The in Operator
Introduction Link to heading
If you use the in
operator in Python, testing whether an element is
present in a collection is almost as easy as asking a question.
>>> 'one' in ['one', 'two', 'three']
True
>>> 'four' in ('one', 'two', 'three')
False
>>> 'five' in {'one', 'two', 'three'}
False
>>> 'three' in {'one': 1, 'two': 2, 'three': 3}
True
From the examples above, we can see that the in
operator works with various
collection types: lists, tuples, sets, and dictionaries. What about performance?
If you frequently had to test membership of items against a collection of
million elements, which data structure would you choose and why?
Memory Footprint and Performance Link to heading
Lists and Tuples Link to heading
To create and store elements in a list, Python has to allocate some memory for
the list itself, and memory for the pointers to the elements it stores. To
prevent memory allocation on each list.append
, Python allocates some extra
memory to keep appends fast (amortized O(1)
). So while there may be a single
element in a list, there is actually room for 4. Once those 4 places are
occupied, Python will perform a reallocation making room for another 4. You can
test this out for yourself by calling list.__sizeof__()
after each append.
l = []
print(l.__sizeof__()) # allocation for the list itself
for i in range(5):
l.append(i) # only when the fifth item is appended will the list change size
print(len(l), l.__sizeof__())
Tuples on the other hand, have a fixed size. That means, there is no reallocation and no other layers of indirection. The elements of tuples are stored directly in a struct making them very lean, memory wise.
Finding an element in a tuple or a list potentially requires traversing the whole collection and comparing each element in the collection against the object which membership you are testing. The following code snippet illustrates that:
def contains(collection, target):
for item in collection:
if target == item:
return True
return False
If the target
object is not present in the collection, the whole collection
will be traversed before False
is returned. The complexity of such an
operation is O(n)
. For a list twice as long, membership testing will take
twice as long. If membership testing happens often on large lists or tuples,
Python will spend quite some time traversing those lists and tuples, over and
over again.
Sets and Dictionaries Link to heading
What about sets and dictionaries? To understand those data structures, we first need to understand the basics of hash maps.
Custom Hash Map Link to heading
Not being satisfied with having to traverse the whole collection to find the
element of interest, we wonder is there a way we could simply find the index
of the element we are looking for. So, if we have a list l = ['one', 'two', 'three']
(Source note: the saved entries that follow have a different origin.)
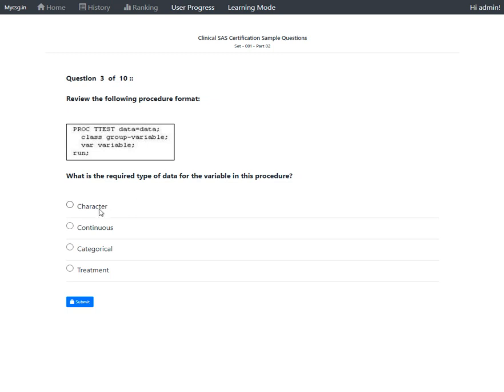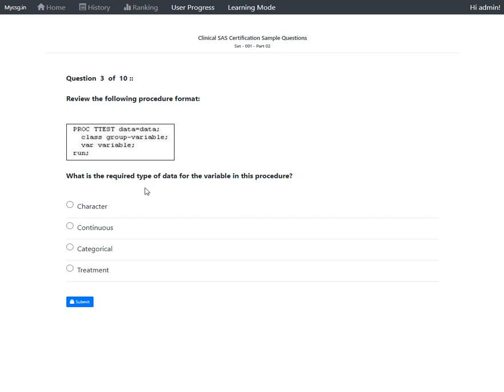The first option is character, the second is continuous, and there are also categorical and treatment options. The question is specifically about the type of data. For t-test, it has to be continuous numeric data. The correct answer is option 2: continuous.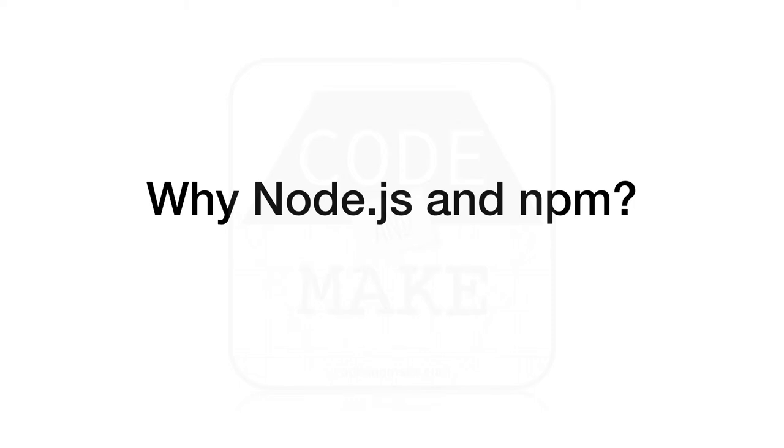So even if you do not intend to create a project that will run on Node.js itself, but you are doing some form of JavaScript development, such as creating a JavaScript library or a website, you will probably still want to use Node.js and NPM during development.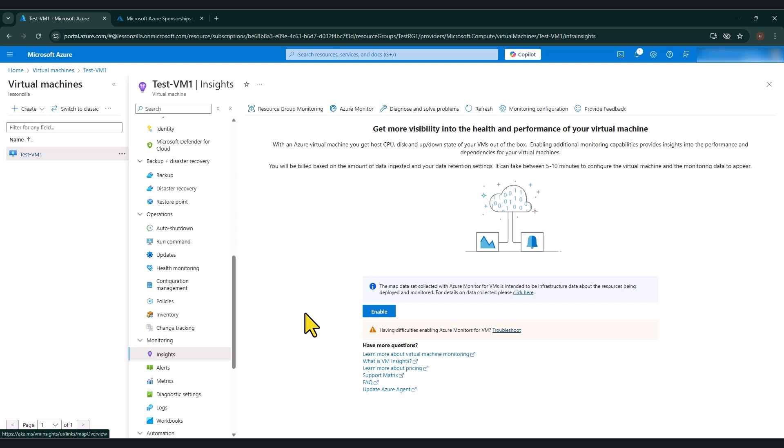Now, as you can see, I've got the enable button in here, which means at the moment, this virtual machine does not have VM Insights feature enabled.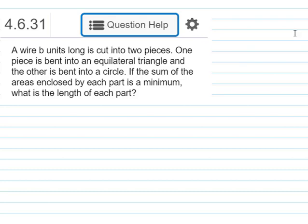Hi, I'm Ms. Hearn. Let's get started. In this video, we're going to talk about a minimization problem in one of my Calculus 1 classes, and this problem was in my math lab.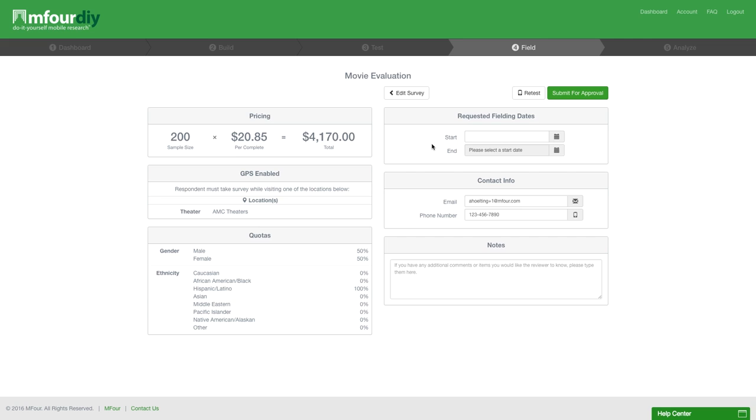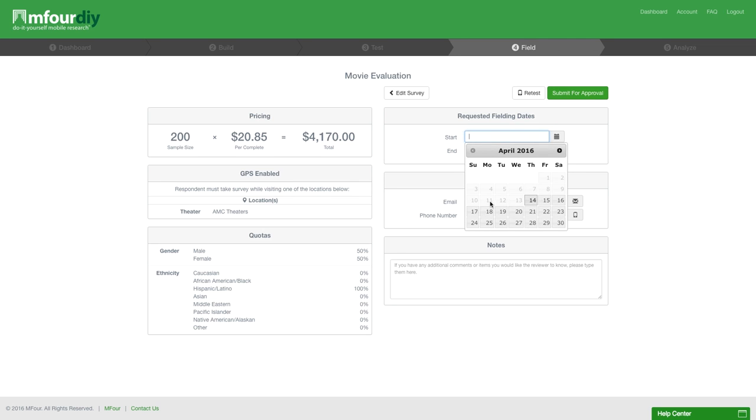To the right, you see the requested fielding dates. This is where you input the day you want your survey to start fielding.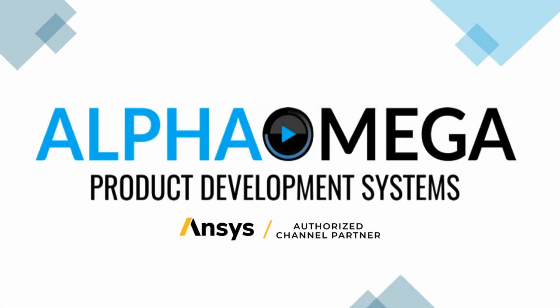Hello, everybody. My name is Sean Morrissey. I'm an electrical application engineer with HALFO Omega product development systems. And today I'm going to be giving you a step by step walkthrough guide on how to design a patch or microstrip antenna in HFSS.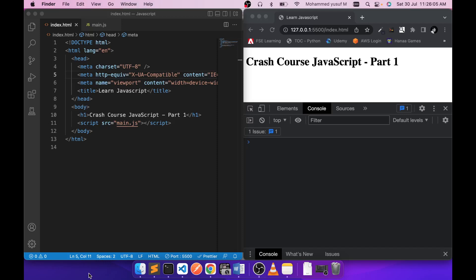Hello friends, this is Yusuf here. Welcome to your new crash course video — this time it's going to be a crash course in JavaScript. So let's get started. This is the first video of the crash course, so we're just going to see how we can run JavaScript from your local machine. There are a couple of ways to run it: using the browser, or using Node.js.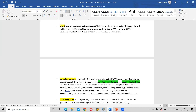So if you're talking about only specific profitability, that is considered as selected characteristics. If you're talking overall about the gross amount, that is considered as specified value fields. Operating concern is the highest organizational unit in both FI and CO modules. Based on this we can generate profitability reports according to selected characteristics and specified value fields. Note: operating concern is a mandatory component to implement the profitability module in CO — controlling area.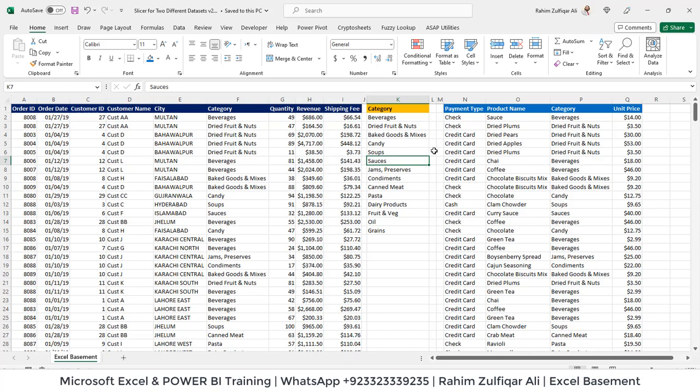Hi, this is Rahim Zulfiqareli from Excel Basement. In this video tutorial we will learn how we can use one slicer for two different data sources, or you can say two different pivot tables from two different sources for your dashboard reporting or any other purpose.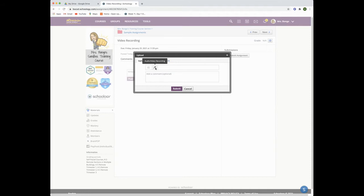Click on the microphone icon. When you hover over it, it should say audio video recording.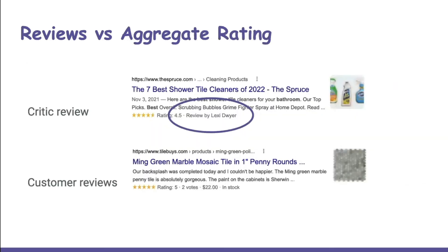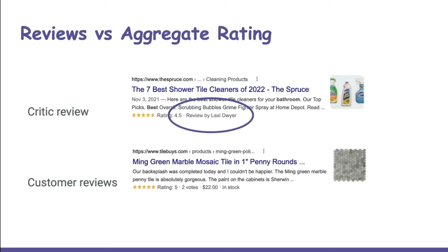I want to expand on that a little bit. Let's say you send one of your products to an influencer to write up an unbiased review. So they write up a review on their website about your product, and they say it's four and a half stars as shown in this result for the seven best shower tile cleaners of 2022. That is a critic review.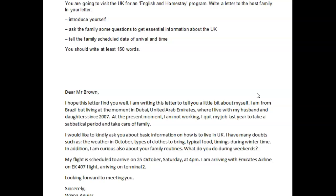I'm from Brazil, but living at the moment in Dubai, United Arab Emirates, where I live with my husband and daughters — this should be where I have been living. Why? Because it's since 2007. That's a time marker and it requires you to use a perfect tense. So: where I have been living with my husband and daughters since 2007.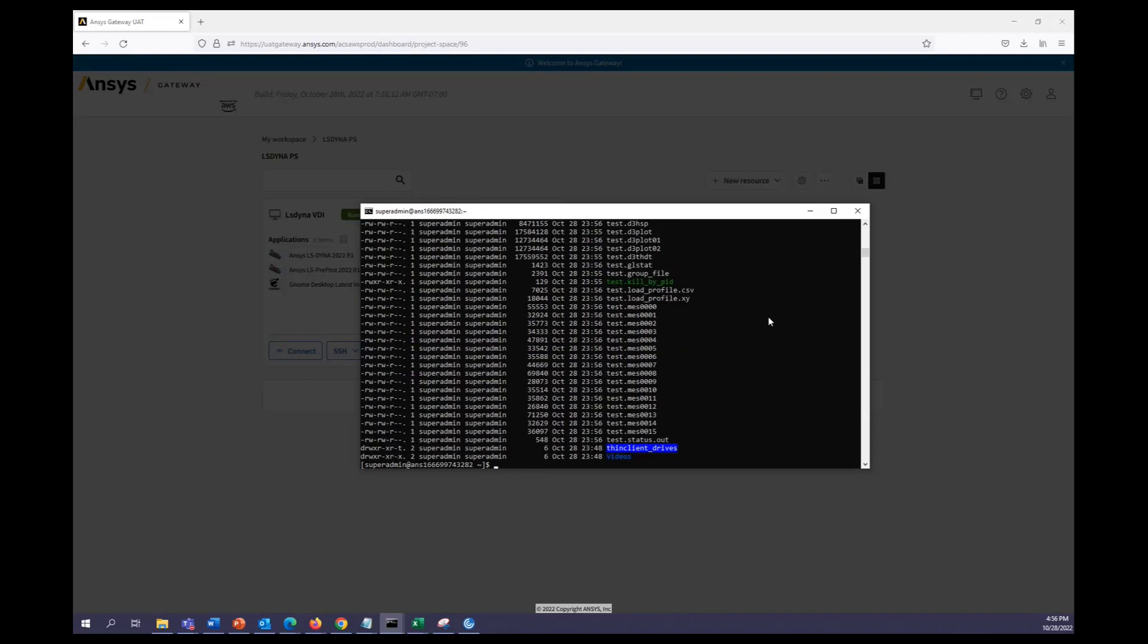All right, and there are all our run files. Now, if you want to post-process, we can go ahead and connect to this machine using the remote desktop option.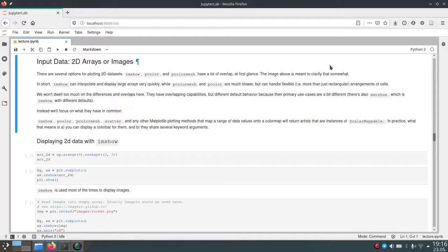Next I want to talk about how you can plot 2D arrays of data, or in other words how you can plot images. There are different functions in matplotlib which allow you to plot two-dimensional data, and we'll cover two of them for now, just keep in mind that there are more which might be useful in different cases. We'll cover ImShow and Scatter.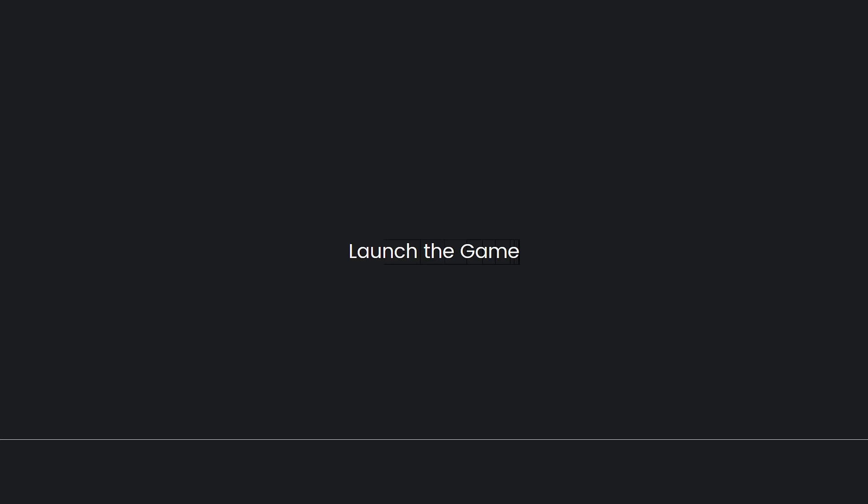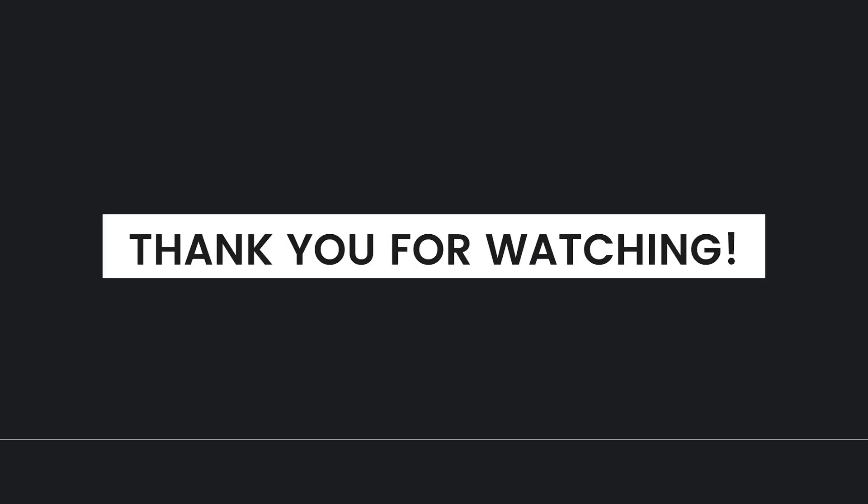And that's it for this video. I hope this video helped you and if it did, make sure to like, subscribe, and hit the bell notifications so you won't miss a video. See you on the next one and have a great day.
, and we want to know whether 'two'
is in our list, we need a
function that will map the element 'two'
to an index of 1 because l[1] == 'two'
. The hash function does precisely that. Let’s try to implement our
own hash map so that we can qualitatively understand the memory footprint and
performance.
The hash map stores key-value pairs in buckets. The underlying data structure those key-value pairs are stored in is an array. For our Python equivalent, we will use a list. Those buckets are again stored in arrays, so we can use a list again to store them.
def naive_hash(value: str):
# Maps every string starting with 'a' or 'A' to 0, 'b' or 'B' to 1, etc.
if value[0] not in 'abcdefghijklmnopqrstuvwxyzABCDEFGHIJKLMNOPQRSTUVWXYZ':
raise ValueError('naive_hash supports only ascii letters')
return ord(value[0].upper()) - 65
class KeyValue:
def __init__(self, key, value):
self.key = key
self.value = value
def __repr__(self):
cls = self.__class__.__name__
return f'<{cls}(key={self.key}, value={self.value})>'
class Bucket:
def __init__(self):
# Bucket holds a list of key-value pairs.
self._keys_values: list[KeyValue] = []
def put(self, target: KeyValue):
# Check whether this key is already present. If it is replace its value.
for key_value in self._keys_values:
if key_value.key == target.key:
key_value.value = target.value
return
# This key is not present, just append the key-value pair.
self._keys_values.append(target)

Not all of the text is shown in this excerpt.